Thursday, September 9, 2010

The Christian Era

Part 2 of Daniel's Messianic Prophecy



When the sixth century abbot, Dionysius Exiguus, was calculating the date to begin the calendar based on the Christian Era, he determined that December 25, in the 753rd year since the founding of the city of Rome, was Christ’s date of birth. Because January 1 was celebrated as New Year’s Day in sixth century Rome, the abbot chose January 1, 754 A.U.C. (from the founding of Rome) as a suitable date to begin the Christian Era. Thus 754 A.U.C. became 1 AD, the year of our Lord.

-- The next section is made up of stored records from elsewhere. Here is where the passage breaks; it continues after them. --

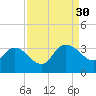 Thoroughfare Creek tide chart for Saturday, August 30, 2025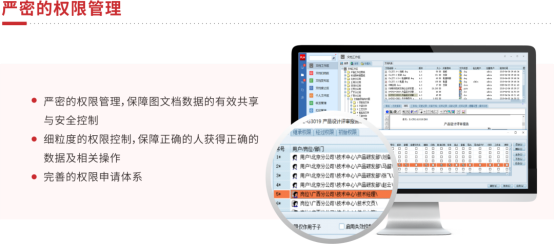 三品PLM权限管理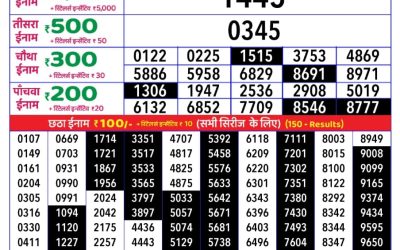 Rajshree daily lottery 1pm result 18.5.25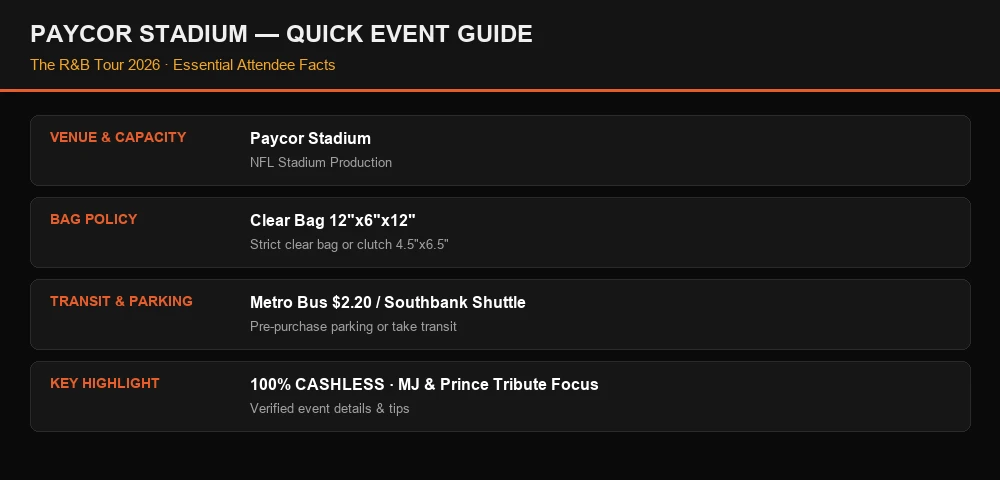 Paycor Stadium Cincinnati Attendee Guide Infographic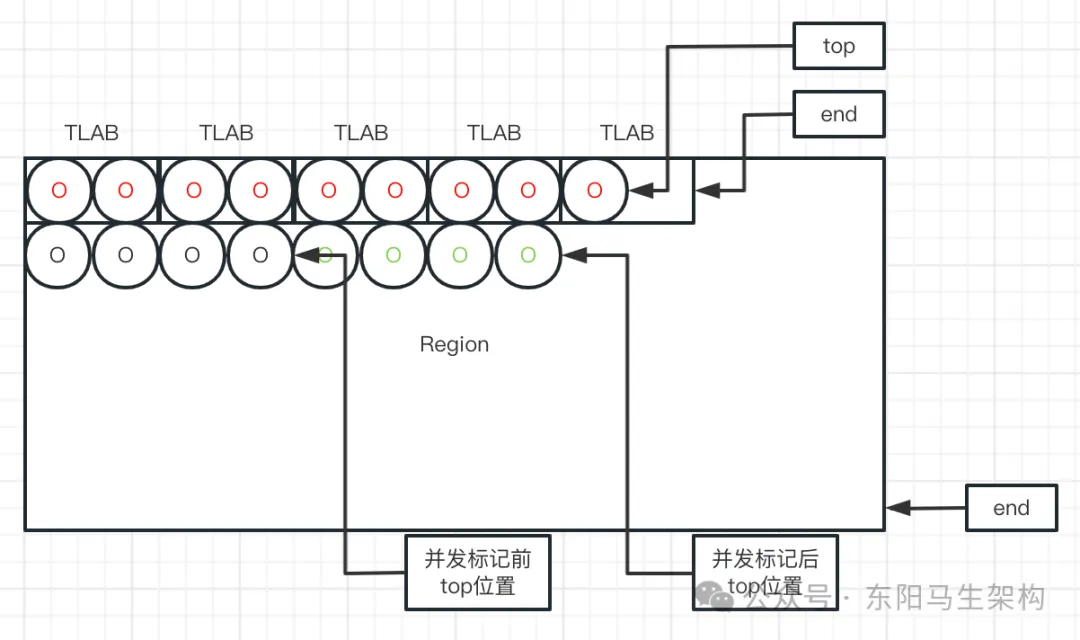 G1原理—5.G1垃圾回收过程之Mixed GC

Dionysius erred in his calculation of the year in which Christ was born. According to Matthew's Gospel, Jesus wasn’t born after the reign of Herod the Great but rather during the reign of that same Herod.


After Herod ascertained when and where the Messiah was born, he ordered the slaughter of all male babies in Bethlehem and its suburbs causing the flight of Mary, Joseph, and the baby Jesus to Egypt. Upon Herod’s death, the holy trio returned to Palestine.


An eclipse of the moon occurred on March 13, 750 A.U.C. shortly before the death of Herod the Great. That was documented by Josephus in his Antiquities (17.6.4). Thus Christ was most likely born in 749 A.U.C., the year before Herod's death.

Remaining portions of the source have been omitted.